### Activity
Return only the lines of the data below from the line with "Сборная России по" up to and including the line with "Peut inclure: Patch", exactly as written, with the pictures omitted.

### Records provided
#####
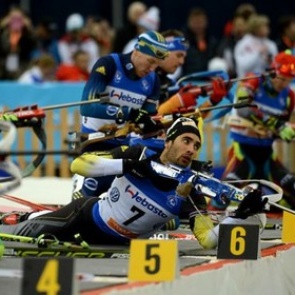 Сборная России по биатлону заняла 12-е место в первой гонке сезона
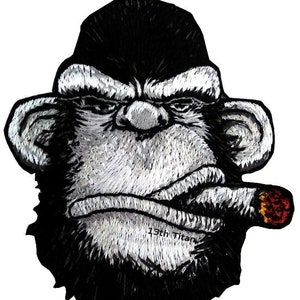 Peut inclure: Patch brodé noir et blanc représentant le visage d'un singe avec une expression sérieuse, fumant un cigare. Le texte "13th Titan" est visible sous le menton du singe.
#####
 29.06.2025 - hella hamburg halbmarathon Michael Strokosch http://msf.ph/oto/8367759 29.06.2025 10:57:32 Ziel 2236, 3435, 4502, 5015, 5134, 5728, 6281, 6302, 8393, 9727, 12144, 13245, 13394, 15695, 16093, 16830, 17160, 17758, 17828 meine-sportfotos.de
#####
### Answer for this exercise
 Сборная России по биатлону заняла 12-е место в первой гонке сезона
 Peut inclure: Patch brodé noir et blanc représentant le visage d'un singe avec une expression sérieuse, fumant un cigare. Le texte "13th Titan" est visible sous le menton du singe.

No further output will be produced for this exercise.